I pursed my lips and looked at the team. “Let’s do it.”(9)

1) The Big Idea comes out of a very real problem and a pragmatic need. In this case it was ill-trained baristas and the need to re-train them quickly that led to the big idea, which I’ll tell you more about shortly. But for now, remember this — the big idea rises out of the core realities of the business.

2) There is a core product, and it’s quality matters. In fact, the delivery of this product is an art. Being the authority on this is core to Starbucks reason to exist, and Schultz knows it.

3) Starbucks has a mission, which informs its decisions – to inspire the human spirit. In Schultz’s deeply held belief system, a well-poured cup of coffee can do that, but a carelessly poured cup cannot.

4) Schultz understands as few leaders do that what great merchants – read brand builders – can do is raise the mundane to the level of the sublime. Or as Schultz says, “…we take the ordinary…and give it new life…”

5) The big idea often comes out of something that at first seems a necessary evil, especially from situations in which the veil of corporate propriety must be lifted and uncomfortable truths exposed.

6) Though he had asked for a training solution, he immediate evaluated the proposal as a branding statement, a leadership and public relations event.

7) He literally says, “That’s a BIG Idea.” In the same breath, he acknowledges the outsized risk. This is not a coincidence. The very thing that makes this feels like a great risk – an unprecedented degree of openness about a core failing/commitment – is what makes this a big idea.

8) What can your brand be radically truthful about?

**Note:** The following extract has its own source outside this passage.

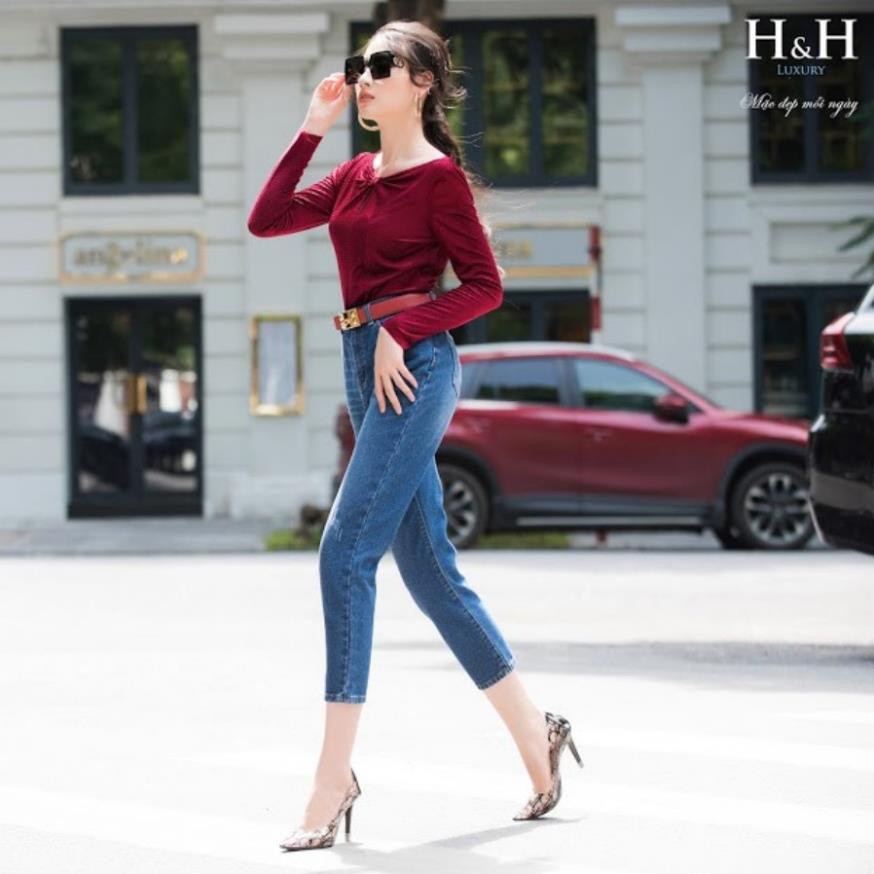 Quần jean baggy thiết kế H&H Luxury - Quần Baggy xước cạp vừa, ôm eo - Thời trang nữ công sở video tại cửa hàng . ,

What would you honestly and openly confront in spite of all costs?

9) Only a leader can green light a big idea. This is the reason they are so rare and so effective. Often, this happens in lonely moments when a leader is overcome by a cocktail of love and commitment to the brand. And it’s a beautiful thing. I’ll give Howard Schultz the last word here – he’s earned it!

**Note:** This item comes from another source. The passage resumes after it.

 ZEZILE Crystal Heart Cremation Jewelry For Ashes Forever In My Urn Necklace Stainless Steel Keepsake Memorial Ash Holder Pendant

There are moments in our lives when we summon the courage to make choices that go against reason, against common sense and the wise counsel of people we trust. But we lean forward nonetheless because, despite all risks and rational argument, we believe that the path we are choosing is the right and best thing to do. We refuse to be bystanders, even if we do not know exactly where our actions will lead.
Ultimately, closing our stores was most powerful in it’s symbolism. It was a galvanizing even to Starbucks’ partners – the term we use for our employees – a stake in the ground that helped reestablish some of the emotional attachment and trust we had squandered during our years of focusing on hyper-growth. A bold move that I stand by today, it sent a message that decisiveness was back at Starbucks.

One thing I’ve noticed is that leaders of growing organizations tend to green light more BIG ideas. And they tend to do so for the very reason that the ideas are BIG. In fact, a big idea orientation appears to be an essential of those leaders who would outgrow the competition.